Kurtz asintió con la cabeza.
—¿Qué era lo que estabas diciendo sobre algo llamado Nube Nueve?
Adam bajó la botella y miró a Jake durante un largo minuto.
—¿Por qué diablos no? ¿Por qué debemos hacerle al puto mayor un favor? —dijo Adam al fin, pero no se dirigía a Kurtz sino al silencioso viejo.
Jake no dijo nada ni hizo ninguna mueca.
Adam se volvió y se encogió de hombros.
—Jake no quiere que lo diga, Joe. Lo siento.
—¿Por qué no?
—Porque Jake sabe que todos los que han subido allá arriba en los últimos veinte jodidos años en busca de esa mierda de Nube Nueve, lo único que han conseguido es que les vuelen el culo de un disparo, y le gustas a Jake.
—Me arriesgaré —declaró Kurtz. Sacó dos billetes de veinte de la cartera.
—Hoy no están abiertas las jodidas tiendas de bebidas —dijo Adam con tristeza.
—Pero apuesto a que sabes de algún otro lugar donde conseguir cosas buenas —dijo Kurtz.
Adam miró a Jake.
—Sí —confesó al fin.
Le contó a Kurtz todo lo referente al parque de atracciones que construyó el mayor en las colinas y le explicó cómo llegar. Le advirtió que se mantuviera alejado hasta que pasara Halloween, después de que los fantasmas de Artful Dodger y sus amigos se montaran por última vez en la noria abandonada, el pequeño tren y los coches de choque.
—Espera hasta mediados de noviembre —dijo el viejo Adam—. El fantasma de Dodger no se aparece demasiado, según los chicos. Y los otros fantasmas solo se reúnen con él el día de Halloween.
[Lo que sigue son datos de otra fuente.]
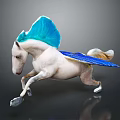 Fantasy Game Movie Character White Horse With Blue Wings And Mane Running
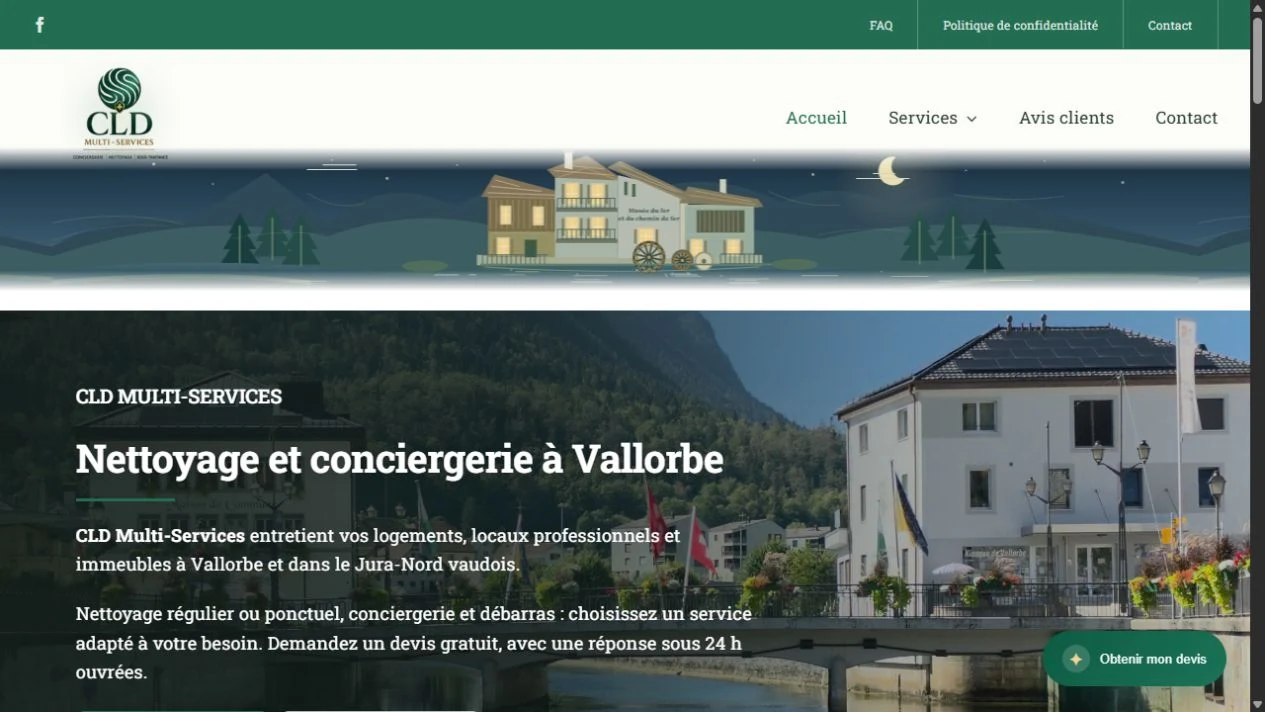 Capture du site CLD Multi-Services, avec son identité verte et une vue de Vallorbe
Kurtz se levantó para irse.
—¿Sabes por qué solo en Halloween? —preguntó primero.
—Joder, sí que lo sé —dijo el viejo Adam—. Antes, cuando el mayor llevaba Nube Nueve, la noche de Halloween era la última que estaba abierto antes de cerrar durante todo el puto invierno, y la entrada era gratis. Toda la gente de esta ciudad de mierda subía al maldito parque de atracciones, solo esa noche. A veces hacía demasiado frío para montarse en las putas atracciones y el mayor de mierda siempre montaba un gran maldito desfile con el cabrón de su hijo subido en una carroza, la puta comadreja, Artful Dodger montado allá arriba saludando como la puta reina de Inglaterra. Halloween era el cumpleaños del mocoso de mierda.
Kurtz miró para ver si el chico drogado estaba prestando atención y reparó por primera vez en que había desaparecido entre los árboles junto al río. Era como si nunca hubiera estado allí.